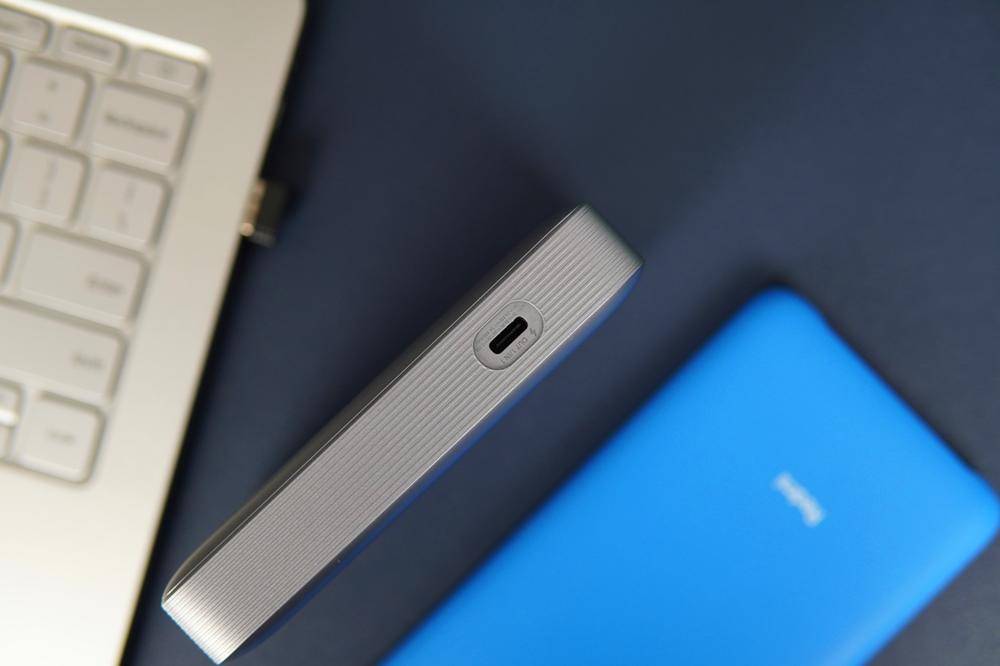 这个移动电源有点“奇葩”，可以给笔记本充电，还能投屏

---

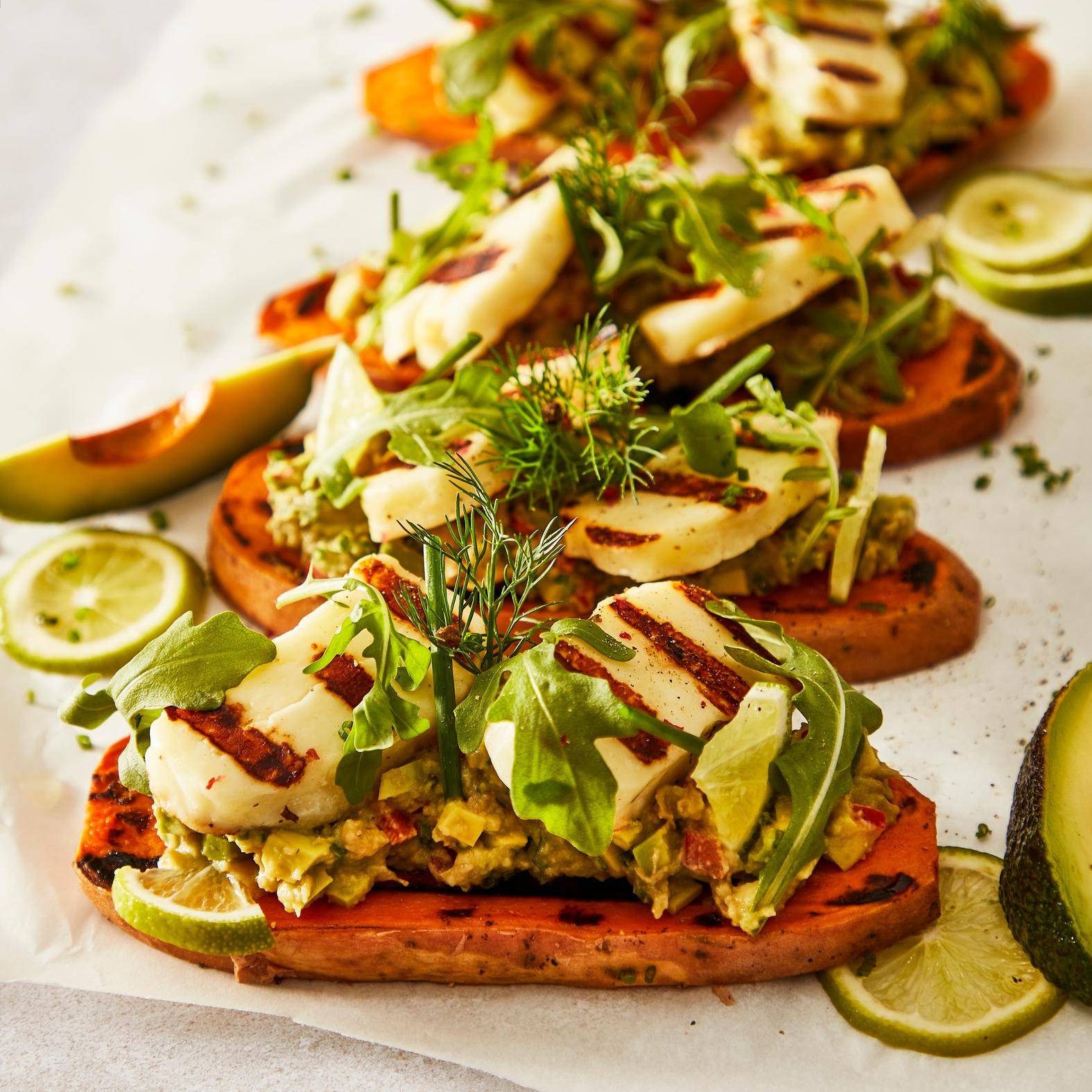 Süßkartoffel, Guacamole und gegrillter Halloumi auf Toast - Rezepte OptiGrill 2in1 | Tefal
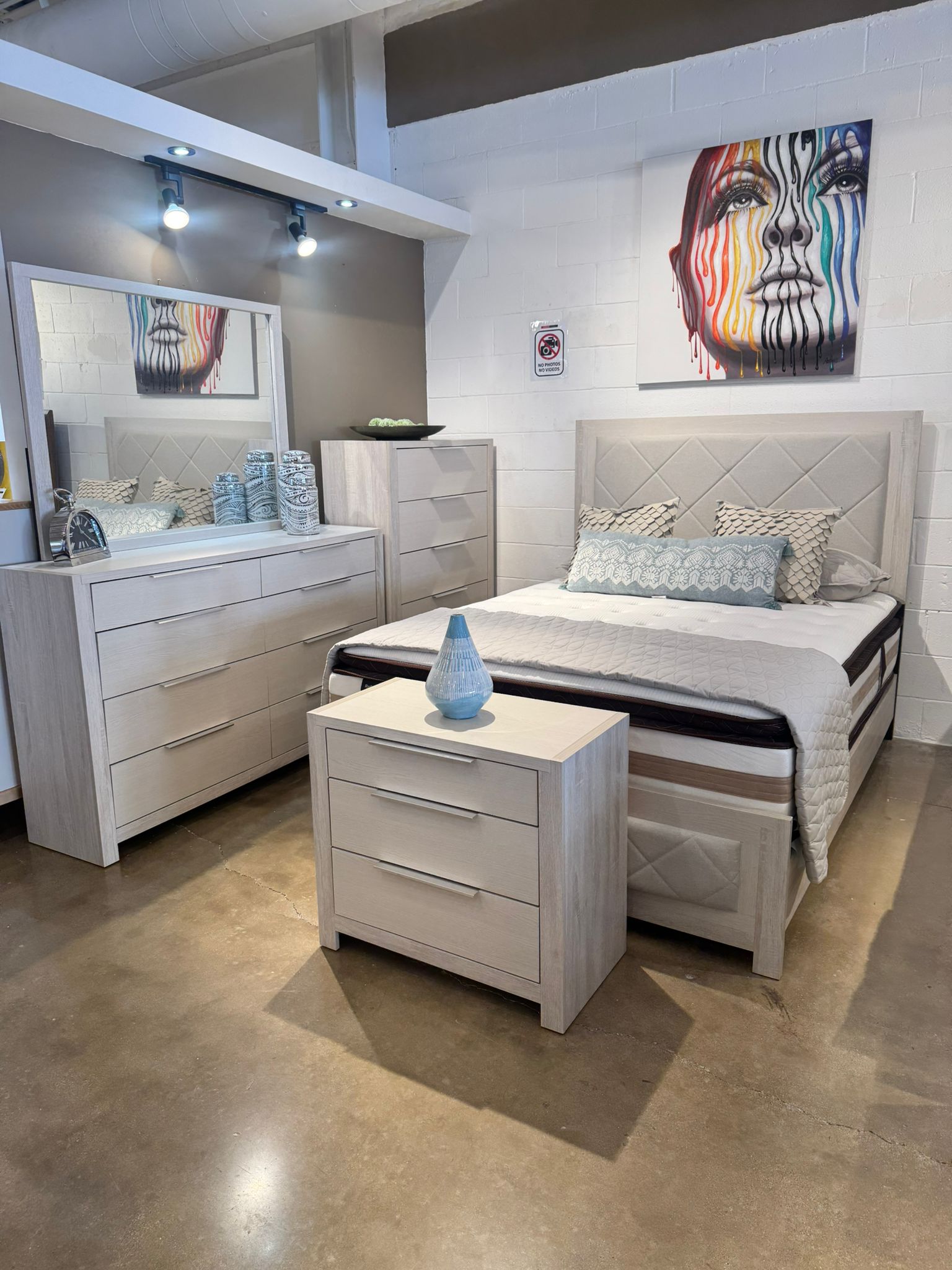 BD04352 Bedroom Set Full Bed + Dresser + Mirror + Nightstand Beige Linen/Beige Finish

==

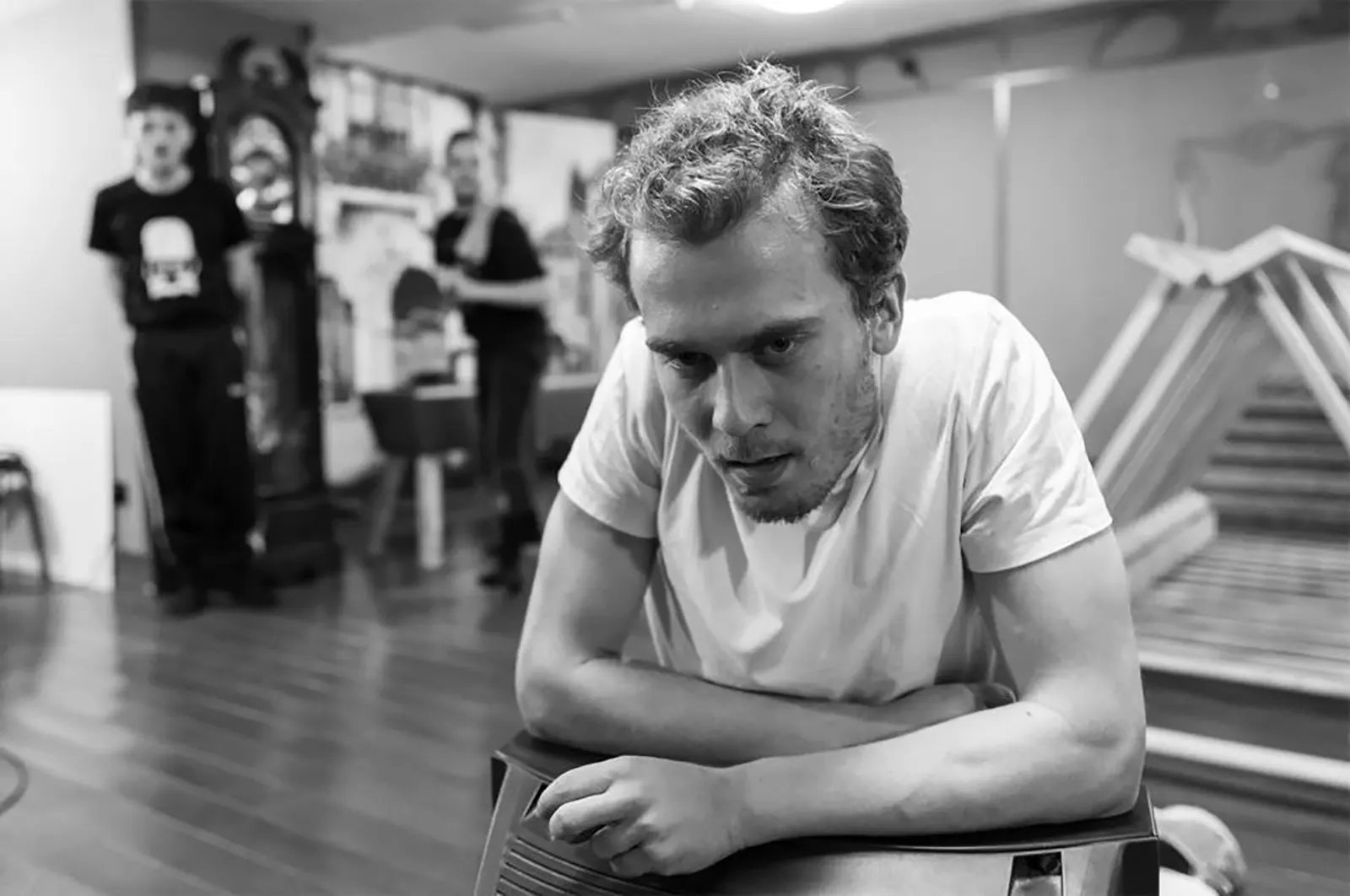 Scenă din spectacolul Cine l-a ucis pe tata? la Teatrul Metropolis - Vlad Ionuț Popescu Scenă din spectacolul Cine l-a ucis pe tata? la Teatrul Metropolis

Instructions to follow:
Only the lines above from the one containing "Süßkartoffel, Guacamole und" through the one containing "BD04352 Bedroom Set" should be returned, verbatim and inclusive, with pictures excluded.

Exercise output:
 Süßkartoffel, Guacamole und gegrillter Halloumi auf Toast - Rezepte OptiGrill 2in1 | Tefal
 BD04352 Bedroom Set Full Bed + Dresser + Mirror + Nightstand Beige Linen/Beige Finish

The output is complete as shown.